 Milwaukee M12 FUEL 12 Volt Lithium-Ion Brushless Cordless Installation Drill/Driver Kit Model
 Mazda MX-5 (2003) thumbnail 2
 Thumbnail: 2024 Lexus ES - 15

...

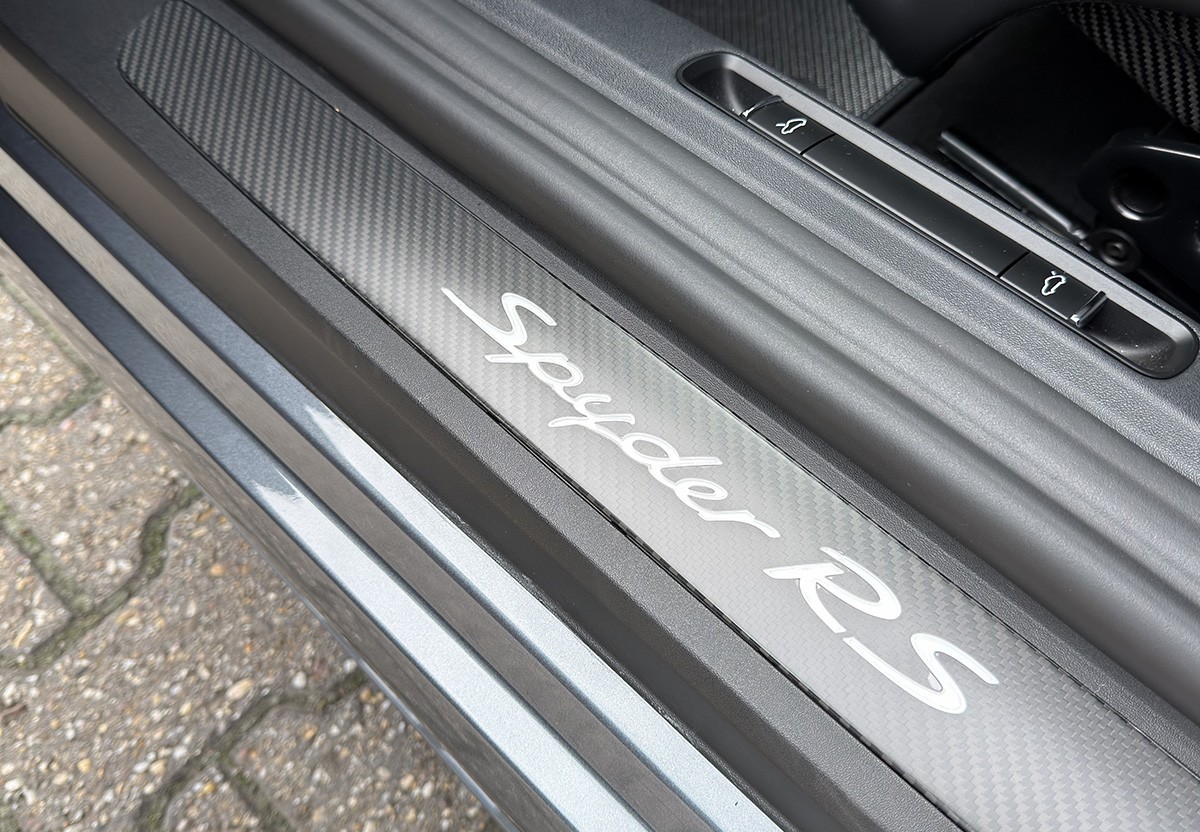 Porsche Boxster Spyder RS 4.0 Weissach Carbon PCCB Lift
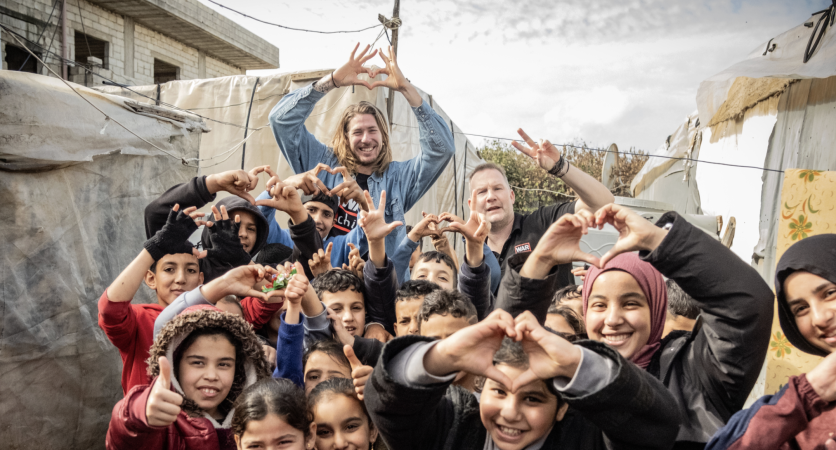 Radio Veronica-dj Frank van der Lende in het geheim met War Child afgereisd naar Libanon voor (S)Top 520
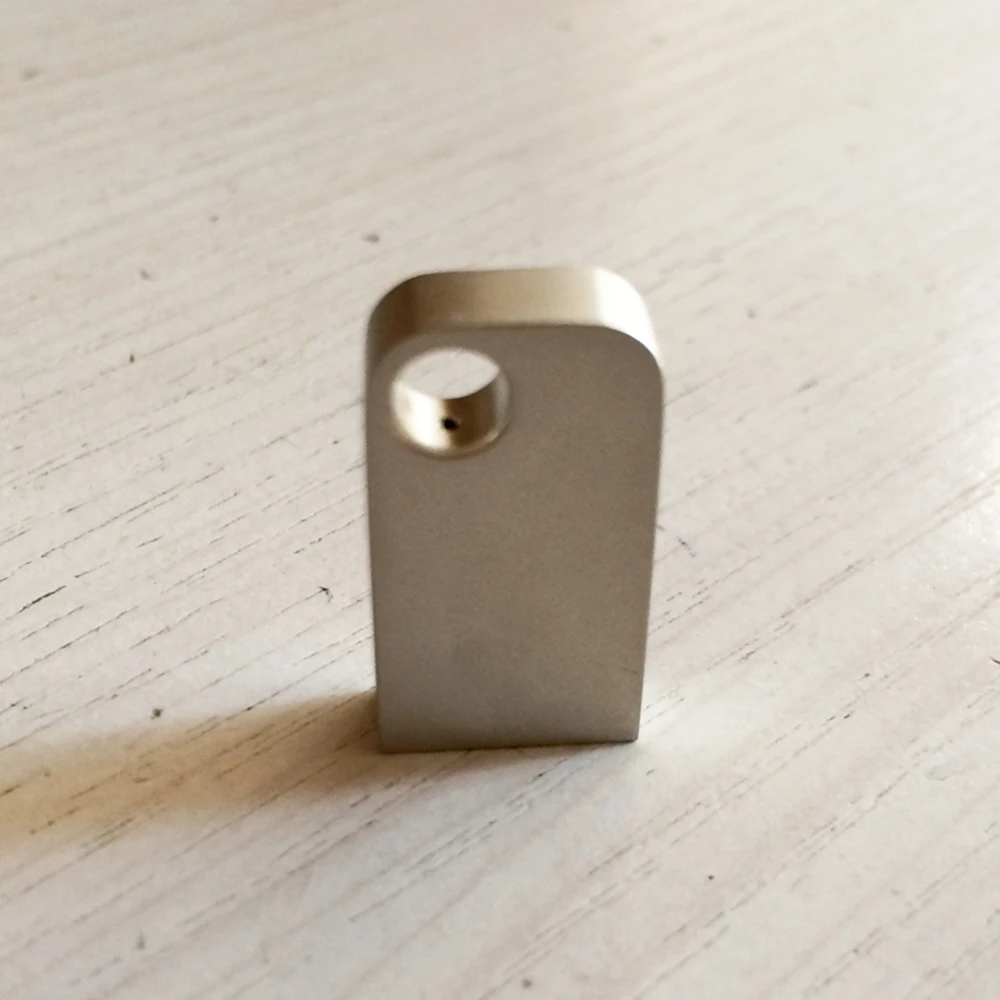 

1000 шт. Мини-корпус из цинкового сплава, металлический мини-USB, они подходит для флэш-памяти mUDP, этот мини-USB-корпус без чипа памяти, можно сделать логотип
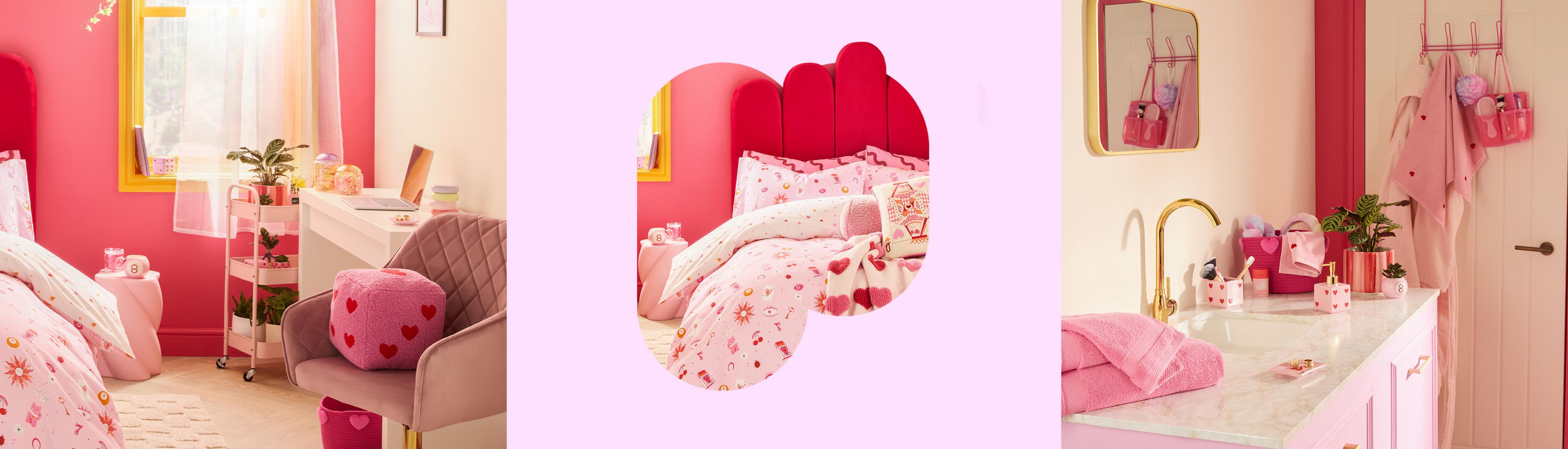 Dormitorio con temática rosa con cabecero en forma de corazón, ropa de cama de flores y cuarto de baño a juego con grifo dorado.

WORK TO COMPLETE - Return the lines above from the one with "Radio Veronica-dj Frank" through the one with "Dormitorio con temática", verbatim and nothing else. Omit every picture.

RESPONSE BOX -
 Radio Veronica-dj Frank van der Lende in het geheim met War Child afgereisd naar Libanon voor (S)Top 520

1000 шт. Мини-корпус из цинкового сплава, металлический мини-USB, они подходит для флэш-памяти mUDP, этот мини-USB-корпус без чипа памяти, можно сделать логотип
 Dormitorio con temática rosa con cabecero en forma de corazón, ropa de cama de flores y cuarto de baño a juego con grifo dorado.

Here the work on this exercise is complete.